AIM OF THE TASK ▸ The line with "NEYMAR O RONALDINHO [upl. by Iseabal]" marks where to begin; print it and all lines after it in the material below exactly, skipping pictures.

* * * *

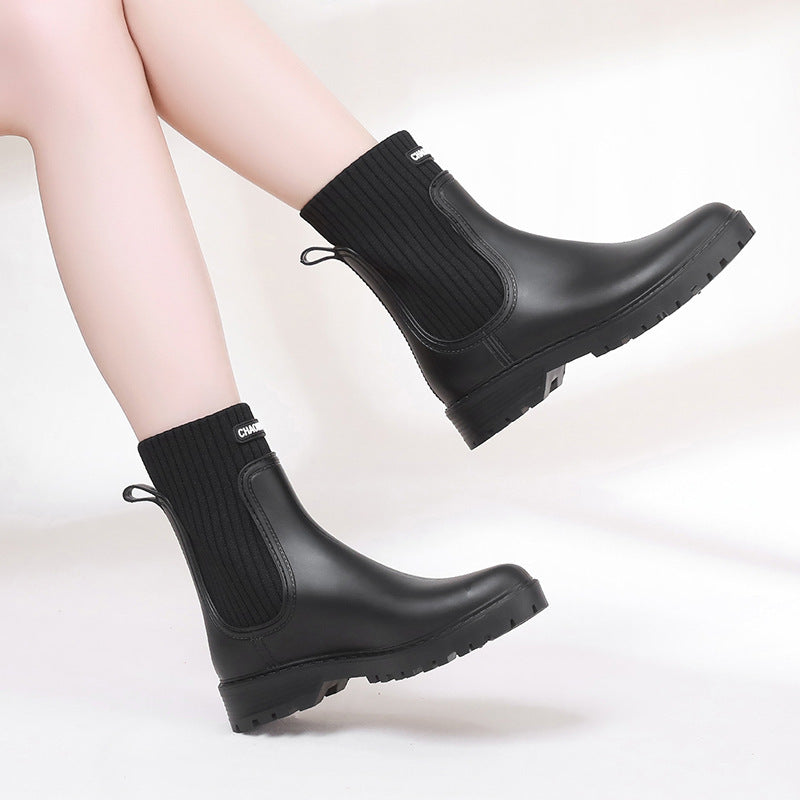 Bequeme und Wasserdichte Regenstiefel für Damen R&B
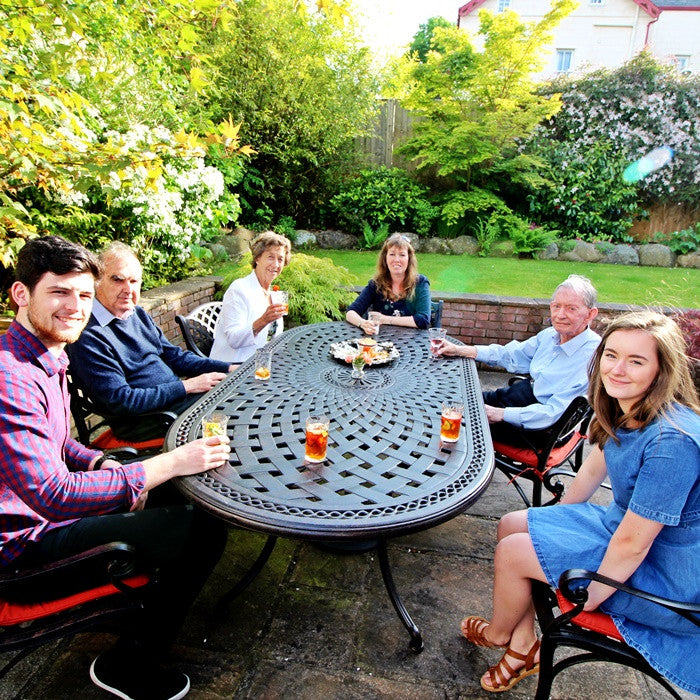 Table Catherine (ensemble 6 personnes)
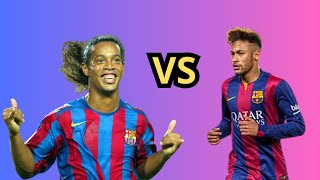 NEYMAR O RONALDINHO [upl. by Iseabal]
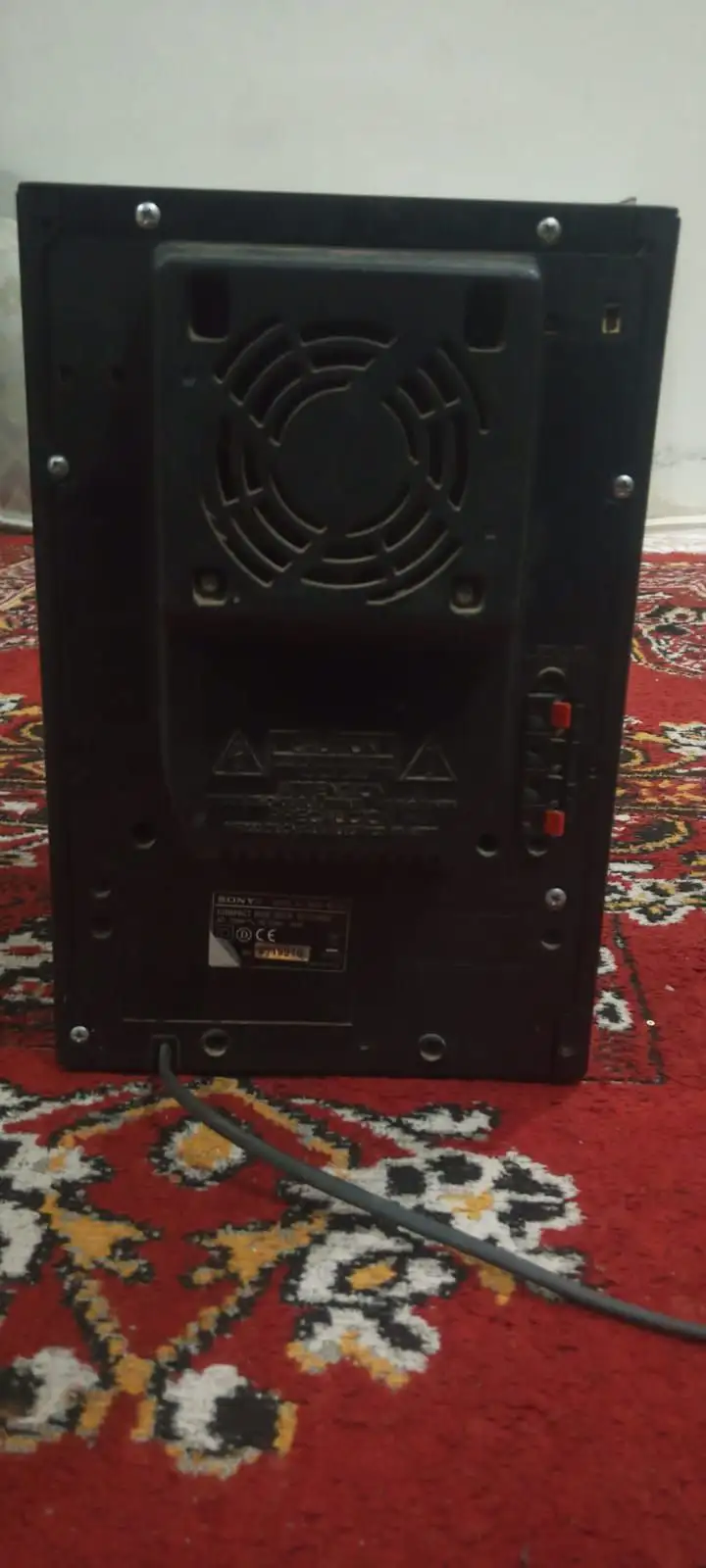 Sony speaker system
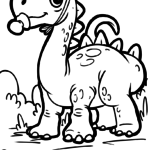 Malvorlage Dinosaurier Malvorlage Dinosaurier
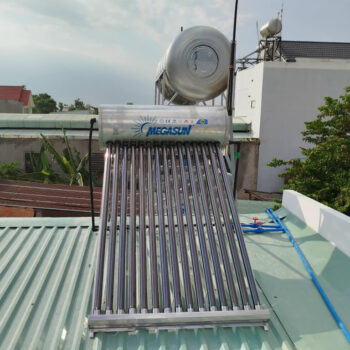 Máy nước nóng mặt trời Megasun 150L KAS SUPER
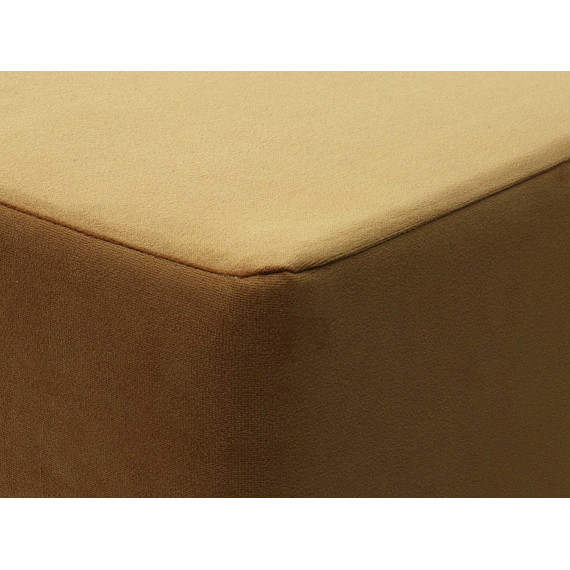 табурет и пуф VEGA RECTANGULAR TEXTILE (35X35X38)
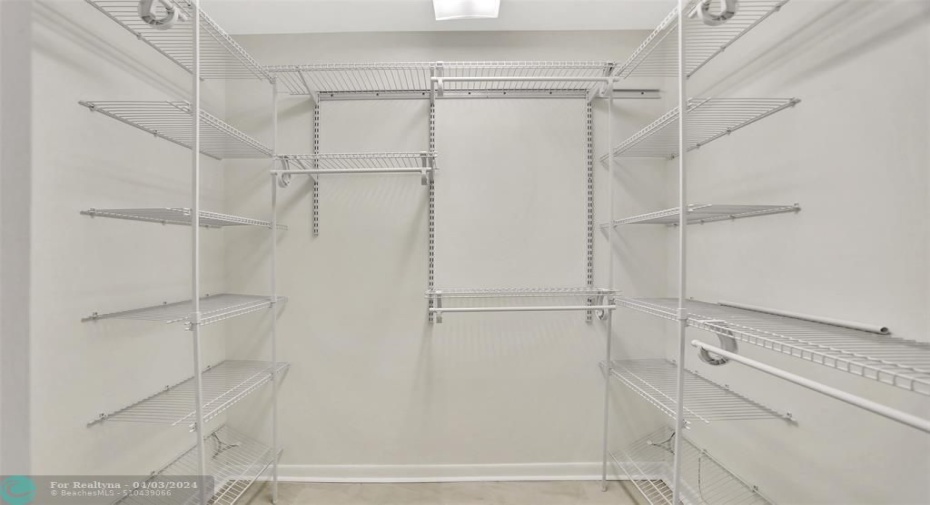 master closet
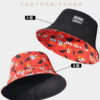 26090018_11 Black Elmo Reversible Bucket Hat 26090018_11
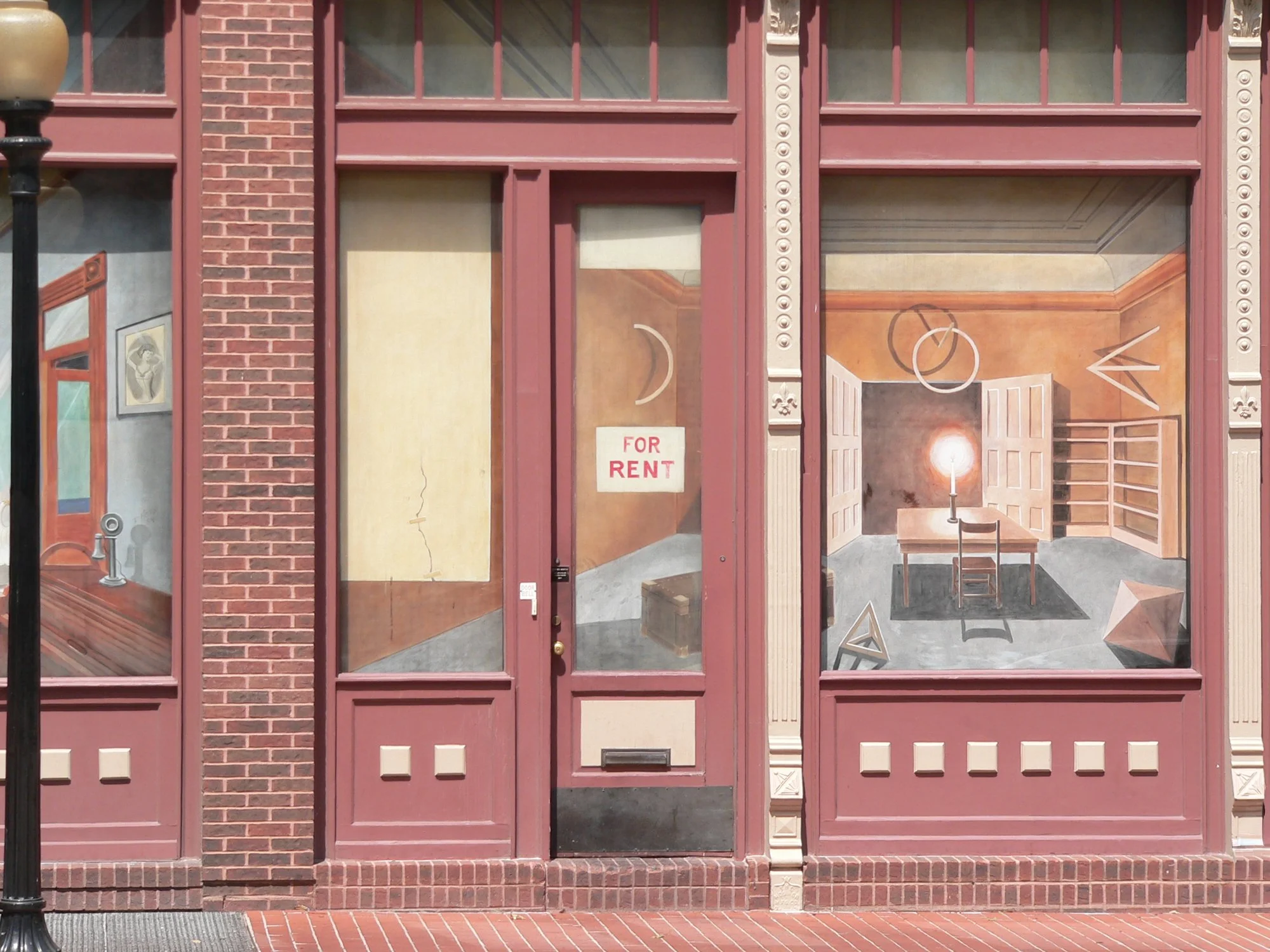 Storefronts, Fort Worth, TX (1984) - destroyed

* * * *

RESPONSE BELOW ▸
 NEYMAR O RONALDINHO [upl. by Iseabal]
 Sony speaker system
 Malvorlage Dinosaurier Malvorlage Dinosaurier
 Máy nước nóng mặt trời Megasun 150L KAS SUPER
 табурет и пуф VEGA RECTANGULAR TEXTILE (35X35X38)
 master closet
 26090018_11 Black Elmo Reversible Bucket Hat 26090018_11
 Storefronts, Fort Worth, TX (1984) - destroyed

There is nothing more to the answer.